Таково было его настроение в течение многих месяцев, но талант его не позволял мне не верить в него; получая от него рассказы и стихи, я видела, что это великолепные черновики, требующие большой обработки и которые этой обработки
Мне никогда не пришлось видеть Буткевича: когда я в 1927 году проезжала через Марсель, я условилась встретиться с ним на вокзале, но лихорадка, с которой он был знаком еще давно, трясла его в тот день, и он прислал на перрон, к поезду, своего товарища. Это был единственный случай нам познакомиться после долгой переписки, но мне не было суждено встретиться с моим неведомым другом. После этого он замолчал надолго. Несколько месяцев тому назад внезапно пришло от него письмо – оно было не похоже на прежние его письма.
Оно было сдержанно, его писал человек сквозь зубы, человек тонущий, но упрямо не желающий этого сказать. Он давал новый адрес, и снова присылал мне рукопись – без надежды увидеть ее напечатанной, однако просил, по моему усмотрению, передать ее в одну из парижских редакций. Я послала рукопись в «Числа»; через месяц я узнала, что она принята.

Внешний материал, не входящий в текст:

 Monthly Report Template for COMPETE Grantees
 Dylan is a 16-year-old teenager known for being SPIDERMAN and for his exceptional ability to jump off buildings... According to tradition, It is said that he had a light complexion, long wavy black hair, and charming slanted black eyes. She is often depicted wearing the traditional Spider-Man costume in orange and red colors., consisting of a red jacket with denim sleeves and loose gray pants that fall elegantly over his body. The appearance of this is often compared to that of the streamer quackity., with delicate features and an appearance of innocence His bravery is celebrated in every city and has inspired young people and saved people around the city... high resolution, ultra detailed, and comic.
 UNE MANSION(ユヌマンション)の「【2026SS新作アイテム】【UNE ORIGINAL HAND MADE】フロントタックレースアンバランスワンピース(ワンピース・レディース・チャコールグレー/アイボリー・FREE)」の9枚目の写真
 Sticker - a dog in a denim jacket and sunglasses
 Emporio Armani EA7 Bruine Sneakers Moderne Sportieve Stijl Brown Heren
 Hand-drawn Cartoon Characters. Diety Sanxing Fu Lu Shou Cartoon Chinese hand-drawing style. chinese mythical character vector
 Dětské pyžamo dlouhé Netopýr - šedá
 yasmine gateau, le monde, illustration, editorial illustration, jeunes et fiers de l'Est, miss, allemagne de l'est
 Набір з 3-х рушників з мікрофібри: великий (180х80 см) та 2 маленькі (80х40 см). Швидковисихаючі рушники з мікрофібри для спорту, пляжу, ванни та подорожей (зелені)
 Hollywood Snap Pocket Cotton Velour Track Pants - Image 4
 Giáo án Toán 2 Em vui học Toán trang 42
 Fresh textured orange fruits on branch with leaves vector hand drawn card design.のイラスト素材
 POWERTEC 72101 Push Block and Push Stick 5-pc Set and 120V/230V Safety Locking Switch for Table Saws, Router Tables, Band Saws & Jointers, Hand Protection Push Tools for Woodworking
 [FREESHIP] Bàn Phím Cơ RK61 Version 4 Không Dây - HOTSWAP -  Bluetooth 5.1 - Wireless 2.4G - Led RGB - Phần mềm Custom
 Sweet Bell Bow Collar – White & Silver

«Единственное, что меня ободряет в моем начинании писать Вам, ободряет мысль, что Вы давным-давно забыли случайного своего литературного корреспондента. В самом деле: три года тому назад я до чрезвычайности извел Вас своей перепиской. Среди моих друзей совершенно нет любителей слушать мои рассказы, правда, это совсем не повод беспокоить Вас, – но простите великодушно!» Далее был намек, что в эти годы ему пришлось увидеть дотоле невиданное и пережить еще не пережитое. И шанхайские, и первые марсельские годы, видно, были трудны по-другому, может быть, по более обыкновенному, чем последние годы, в течение которых он молчал.